#### [TASK PROMPT]
The required output is the stretch from the line containing "Cachorro ra a" through the line containing "Garten von Kielsjajd" in the records below, unaltered and with no pictures.
─── DATA UNDER STUDY
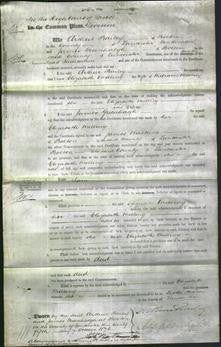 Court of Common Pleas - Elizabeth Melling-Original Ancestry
──────
─── DATA UNDER STUDY
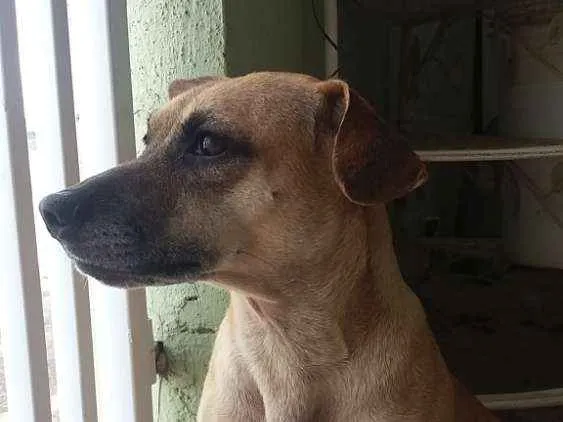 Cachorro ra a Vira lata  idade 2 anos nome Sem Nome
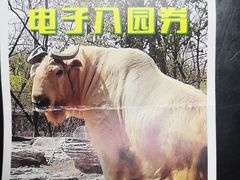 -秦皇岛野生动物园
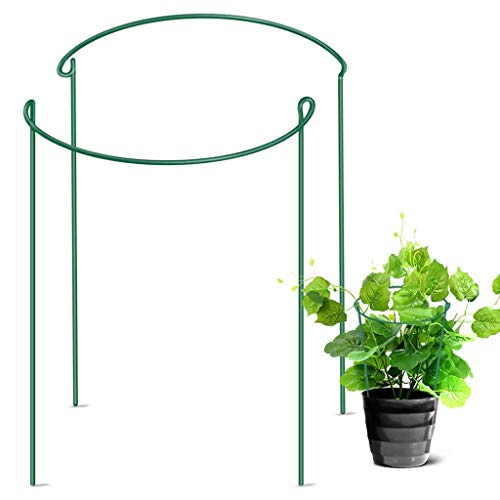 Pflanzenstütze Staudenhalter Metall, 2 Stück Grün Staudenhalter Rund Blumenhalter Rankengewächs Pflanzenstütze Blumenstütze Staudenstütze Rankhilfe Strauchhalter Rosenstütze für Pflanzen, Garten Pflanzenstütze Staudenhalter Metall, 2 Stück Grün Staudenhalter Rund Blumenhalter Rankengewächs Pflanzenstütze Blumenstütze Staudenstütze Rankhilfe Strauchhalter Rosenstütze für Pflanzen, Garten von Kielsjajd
──────
#### [TASK OUTPUT]
 Cachorro ra a Vira lata  idade 2 anos nome Sem Nome
 -秦皇岛野生动物园
 Pflanzenstütze Staudenhalter Metall, 2 Stück Grün Staudenhalter Rund Blumenhalter Rankengewächs Pflanzenstütze Blumenstütze Staudenstütze Rankhilfe Strauchhalter Rosenstütze für Pflanzen, Garten Pflanzenstütze Staudenhalter Metall, 2 Stück Grün Staudenhalter Rund Blumenhalter Rankengewächs Pflanzenstütze Blumenstütze Staudenstütze Rankhilfe Strauchhalter Rosenstütze für Pflanzen, Garten von Kielsjajd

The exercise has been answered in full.